**Goal of the exercise**
Which lines of the entries below run from the one holding "Rahmen 1f akws" to the one holding "couverture pour bébé", inclusive? Set down exactly those lines and no others.

**Available data**
::::

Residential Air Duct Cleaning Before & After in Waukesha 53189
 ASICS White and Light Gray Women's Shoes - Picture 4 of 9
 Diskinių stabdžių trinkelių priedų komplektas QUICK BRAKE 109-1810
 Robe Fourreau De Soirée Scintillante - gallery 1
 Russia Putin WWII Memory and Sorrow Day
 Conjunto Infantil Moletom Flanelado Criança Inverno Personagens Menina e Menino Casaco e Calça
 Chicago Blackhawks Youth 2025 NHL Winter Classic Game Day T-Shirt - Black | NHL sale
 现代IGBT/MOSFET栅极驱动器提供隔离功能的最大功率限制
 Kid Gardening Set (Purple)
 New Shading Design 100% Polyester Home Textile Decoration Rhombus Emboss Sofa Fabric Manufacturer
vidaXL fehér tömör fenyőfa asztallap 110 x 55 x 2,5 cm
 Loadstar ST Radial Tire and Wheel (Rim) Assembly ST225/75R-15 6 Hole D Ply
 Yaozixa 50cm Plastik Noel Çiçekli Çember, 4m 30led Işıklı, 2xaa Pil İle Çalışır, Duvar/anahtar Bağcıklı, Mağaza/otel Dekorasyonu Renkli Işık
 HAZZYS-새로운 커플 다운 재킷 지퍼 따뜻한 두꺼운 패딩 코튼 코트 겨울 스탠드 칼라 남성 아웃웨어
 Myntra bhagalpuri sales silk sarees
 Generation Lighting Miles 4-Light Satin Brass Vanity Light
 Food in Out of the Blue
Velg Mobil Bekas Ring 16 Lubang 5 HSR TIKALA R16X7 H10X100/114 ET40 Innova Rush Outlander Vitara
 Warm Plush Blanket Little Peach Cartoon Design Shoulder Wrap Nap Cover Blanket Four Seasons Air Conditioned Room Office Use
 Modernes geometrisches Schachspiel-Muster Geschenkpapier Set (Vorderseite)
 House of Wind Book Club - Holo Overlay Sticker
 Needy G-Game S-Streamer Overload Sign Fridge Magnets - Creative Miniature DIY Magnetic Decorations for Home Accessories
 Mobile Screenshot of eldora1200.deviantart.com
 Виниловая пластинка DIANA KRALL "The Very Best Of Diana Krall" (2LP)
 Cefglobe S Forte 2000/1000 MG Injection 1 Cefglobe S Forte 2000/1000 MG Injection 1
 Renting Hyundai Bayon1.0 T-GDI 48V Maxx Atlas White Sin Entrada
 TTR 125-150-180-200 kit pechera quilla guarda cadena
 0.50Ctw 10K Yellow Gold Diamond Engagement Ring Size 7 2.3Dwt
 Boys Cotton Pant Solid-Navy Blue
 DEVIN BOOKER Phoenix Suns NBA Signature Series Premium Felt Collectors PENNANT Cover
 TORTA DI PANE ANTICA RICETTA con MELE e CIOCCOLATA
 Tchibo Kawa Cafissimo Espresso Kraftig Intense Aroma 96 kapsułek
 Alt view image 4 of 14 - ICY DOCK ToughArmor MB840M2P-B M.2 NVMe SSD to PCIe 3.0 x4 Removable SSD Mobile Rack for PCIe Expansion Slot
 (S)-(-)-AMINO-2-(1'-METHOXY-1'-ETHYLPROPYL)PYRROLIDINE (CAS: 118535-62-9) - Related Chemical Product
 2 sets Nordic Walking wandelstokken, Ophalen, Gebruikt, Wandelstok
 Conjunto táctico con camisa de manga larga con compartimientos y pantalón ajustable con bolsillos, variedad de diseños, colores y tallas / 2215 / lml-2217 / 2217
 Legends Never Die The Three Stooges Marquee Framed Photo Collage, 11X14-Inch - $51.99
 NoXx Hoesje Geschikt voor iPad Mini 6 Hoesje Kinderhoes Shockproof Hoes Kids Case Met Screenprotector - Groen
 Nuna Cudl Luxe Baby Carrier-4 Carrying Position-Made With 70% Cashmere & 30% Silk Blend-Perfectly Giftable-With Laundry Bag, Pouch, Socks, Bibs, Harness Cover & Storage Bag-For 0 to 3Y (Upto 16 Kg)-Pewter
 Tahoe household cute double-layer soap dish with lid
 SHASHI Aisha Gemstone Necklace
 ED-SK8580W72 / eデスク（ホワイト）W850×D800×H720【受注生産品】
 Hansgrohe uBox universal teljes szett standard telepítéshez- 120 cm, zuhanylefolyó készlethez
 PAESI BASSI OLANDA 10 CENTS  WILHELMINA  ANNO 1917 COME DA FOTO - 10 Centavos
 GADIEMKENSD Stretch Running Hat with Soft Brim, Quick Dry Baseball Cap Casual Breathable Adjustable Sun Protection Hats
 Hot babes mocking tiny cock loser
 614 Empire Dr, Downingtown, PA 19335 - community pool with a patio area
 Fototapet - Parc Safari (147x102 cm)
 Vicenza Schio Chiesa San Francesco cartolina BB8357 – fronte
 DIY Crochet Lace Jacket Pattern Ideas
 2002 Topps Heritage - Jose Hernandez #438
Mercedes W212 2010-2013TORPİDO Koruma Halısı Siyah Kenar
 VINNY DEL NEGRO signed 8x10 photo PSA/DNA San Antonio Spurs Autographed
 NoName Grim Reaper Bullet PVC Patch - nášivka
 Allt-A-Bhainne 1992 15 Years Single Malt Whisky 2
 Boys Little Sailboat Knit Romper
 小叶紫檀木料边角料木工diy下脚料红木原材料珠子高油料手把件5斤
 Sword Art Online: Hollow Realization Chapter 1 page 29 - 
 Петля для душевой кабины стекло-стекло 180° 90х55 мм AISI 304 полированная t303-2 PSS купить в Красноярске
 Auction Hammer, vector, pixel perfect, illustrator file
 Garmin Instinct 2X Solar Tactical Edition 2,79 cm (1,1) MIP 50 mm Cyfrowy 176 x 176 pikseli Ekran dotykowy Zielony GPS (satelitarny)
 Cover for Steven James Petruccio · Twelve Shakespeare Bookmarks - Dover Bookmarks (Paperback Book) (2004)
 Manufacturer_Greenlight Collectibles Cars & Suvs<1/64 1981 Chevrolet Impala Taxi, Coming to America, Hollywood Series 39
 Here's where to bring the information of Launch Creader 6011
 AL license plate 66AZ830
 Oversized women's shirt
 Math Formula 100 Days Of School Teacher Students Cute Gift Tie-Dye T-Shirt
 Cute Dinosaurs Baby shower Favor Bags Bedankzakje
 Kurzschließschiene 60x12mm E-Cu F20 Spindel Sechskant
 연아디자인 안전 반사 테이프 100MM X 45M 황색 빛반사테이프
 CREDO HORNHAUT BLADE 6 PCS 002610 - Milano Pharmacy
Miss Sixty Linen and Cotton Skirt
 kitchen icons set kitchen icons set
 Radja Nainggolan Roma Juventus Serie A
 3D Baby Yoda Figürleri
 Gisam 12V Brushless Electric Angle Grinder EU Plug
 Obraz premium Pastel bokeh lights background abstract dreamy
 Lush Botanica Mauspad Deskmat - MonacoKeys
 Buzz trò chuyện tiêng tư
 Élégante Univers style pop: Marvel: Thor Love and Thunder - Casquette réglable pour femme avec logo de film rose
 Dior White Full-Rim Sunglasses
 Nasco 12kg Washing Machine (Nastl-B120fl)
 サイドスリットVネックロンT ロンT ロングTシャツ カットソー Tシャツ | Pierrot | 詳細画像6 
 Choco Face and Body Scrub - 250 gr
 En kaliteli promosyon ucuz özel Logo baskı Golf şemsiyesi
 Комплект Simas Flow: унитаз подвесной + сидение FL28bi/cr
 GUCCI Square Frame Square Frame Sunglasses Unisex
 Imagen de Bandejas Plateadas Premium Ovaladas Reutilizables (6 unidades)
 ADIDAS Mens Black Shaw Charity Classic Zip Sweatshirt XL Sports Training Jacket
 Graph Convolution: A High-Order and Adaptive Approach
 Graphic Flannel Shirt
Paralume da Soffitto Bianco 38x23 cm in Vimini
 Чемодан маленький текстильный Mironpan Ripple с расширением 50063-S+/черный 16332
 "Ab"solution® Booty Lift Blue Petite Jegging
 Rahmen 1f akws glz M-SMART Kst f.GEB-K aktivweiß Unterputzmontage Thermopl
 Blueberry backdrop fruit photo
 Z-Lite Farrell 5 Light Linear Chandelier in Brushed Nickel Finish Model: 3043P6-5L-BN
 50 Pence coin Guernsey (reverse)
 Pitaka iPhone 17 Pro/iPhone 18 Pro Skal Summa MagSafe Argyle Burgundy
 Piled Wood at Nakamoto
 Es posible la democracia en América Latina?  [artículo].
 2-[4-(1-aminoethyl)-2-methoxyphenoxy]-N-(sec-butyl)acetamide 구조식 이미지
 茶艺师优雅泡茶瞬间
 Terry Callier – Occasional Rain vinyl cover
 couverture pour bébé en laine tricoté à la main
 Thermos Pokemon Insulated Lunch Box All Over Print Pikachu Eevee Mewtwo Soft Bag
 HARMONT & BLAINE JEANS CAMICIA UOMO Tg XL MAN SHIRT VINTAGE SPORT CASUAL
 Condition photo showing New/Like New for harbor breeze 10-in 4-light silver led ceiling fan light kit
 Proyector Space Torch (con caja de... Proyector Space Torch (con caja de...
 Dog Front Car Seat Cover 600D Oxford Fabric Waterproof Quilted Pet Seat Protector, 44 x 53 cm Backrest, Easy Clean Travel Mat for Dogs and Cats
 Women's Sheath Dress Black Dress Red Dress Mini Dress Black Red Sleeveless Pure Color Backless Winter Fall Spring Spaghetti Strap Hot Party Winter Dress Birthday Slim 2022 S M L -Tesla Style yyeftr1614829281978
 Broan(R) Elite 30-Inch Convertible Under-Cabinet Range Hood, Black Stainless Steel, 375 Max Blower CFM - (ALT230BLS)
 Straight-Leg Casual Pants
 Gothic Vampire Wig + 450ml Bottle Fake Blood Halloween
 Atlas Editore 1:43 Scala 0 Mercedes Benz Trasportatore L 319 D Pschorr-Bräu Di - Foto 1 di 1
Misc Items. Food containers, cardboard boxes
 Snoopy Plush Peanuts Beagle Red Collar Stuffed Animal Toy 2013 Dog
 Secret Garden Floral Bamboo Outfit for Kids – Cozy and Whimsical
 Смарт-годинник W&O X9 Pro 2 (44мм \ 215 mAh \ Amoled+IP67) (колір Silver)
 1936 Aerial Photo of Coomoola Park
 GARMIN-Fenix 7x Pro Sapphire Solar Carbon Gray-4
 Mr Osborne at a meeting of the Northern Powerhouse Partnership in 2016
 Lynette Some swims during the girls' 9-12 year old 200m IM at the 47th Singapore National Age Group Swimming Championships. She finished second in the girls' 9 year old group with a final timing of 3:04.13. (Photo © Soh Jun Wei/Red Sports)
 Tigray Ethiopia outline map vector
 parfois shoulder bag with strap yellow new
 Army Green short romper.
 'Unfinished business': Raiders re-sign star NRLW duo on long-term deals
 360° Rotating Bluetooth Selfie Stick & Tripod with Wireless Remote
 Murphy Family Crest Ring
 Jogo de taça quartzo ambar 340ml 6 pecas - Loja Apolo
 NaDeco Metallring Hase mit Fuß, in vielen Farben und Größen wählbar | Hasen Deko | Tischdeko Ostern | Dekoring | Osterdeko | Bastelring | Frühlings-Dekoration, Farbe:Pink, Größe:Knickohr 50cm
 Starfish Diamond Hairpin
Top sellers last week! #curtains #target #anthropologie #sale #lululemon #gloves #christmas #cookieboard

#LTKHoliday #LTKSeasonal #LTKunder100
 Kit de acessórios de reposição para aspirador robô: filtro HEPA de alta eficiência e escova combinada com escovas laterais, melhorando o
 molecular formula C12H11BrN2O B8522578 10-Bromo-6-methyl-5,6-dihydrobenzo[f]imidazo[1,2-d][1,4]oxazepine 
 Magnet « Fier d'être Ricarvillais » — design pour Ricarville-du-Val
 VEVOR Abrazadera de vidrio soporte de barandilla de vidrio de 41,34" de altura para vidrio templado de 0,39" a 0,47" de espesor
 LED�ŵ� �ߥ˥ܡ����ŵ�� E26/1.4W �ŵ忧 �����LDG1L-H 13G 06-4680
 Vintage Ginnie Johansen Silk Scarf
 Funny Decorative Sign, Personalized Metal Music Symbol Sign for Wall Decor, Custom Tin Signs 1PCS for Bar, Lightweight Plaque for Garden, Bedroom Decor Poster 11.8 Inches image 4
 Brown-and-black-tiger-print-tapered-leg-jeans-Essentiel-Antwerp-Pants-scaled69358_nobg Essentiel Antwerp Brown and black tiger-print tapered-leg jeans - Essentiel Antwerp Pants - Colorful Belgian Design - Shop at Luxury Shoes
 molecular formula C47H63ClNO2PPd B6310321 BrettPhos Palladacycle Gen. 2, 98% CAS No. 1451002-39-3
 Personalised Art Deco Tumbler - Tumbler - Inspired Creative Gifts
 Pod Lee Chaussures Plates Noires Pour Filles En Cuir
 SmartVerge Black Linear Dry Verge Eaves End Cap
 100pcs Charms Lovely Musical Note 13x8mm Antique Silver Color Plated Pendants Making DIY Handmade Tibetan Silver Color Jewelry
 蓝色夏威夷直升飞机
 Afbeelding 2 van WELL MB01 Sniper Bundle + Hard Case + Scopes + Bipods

::::

**Solution**
 Rahmen 1f akws glz M-SMART Kst f.GEB-K aktivweiß Unterputzmontage Thermopl
 Blueberry backdrop fruit photo
 Z-Lite Farrell 5 Light Linear Chandelier in Brushed Nickel Finish Model: 3043P6-5L-BN
 50 Pence coin Guernsey (reverse)
 Pitaka iPhone 17 Pro/iPhone 18 Pro Skal Summa MagSafe Argyle Burgundy
 Piled Wood at Nakamoto
 Es posible la democracia en América Latina?  [artículo].
 2-[4-(1-aminoethyl)-2-methoxyphenoxy]-N-(sec-butyl)acetamide 구조식 이미지
 茶艺师优雅泡茶瞬间
 Terry Callier – Occasional Rain vinyl cover
 couverture pour bébé en laine tricoté à la main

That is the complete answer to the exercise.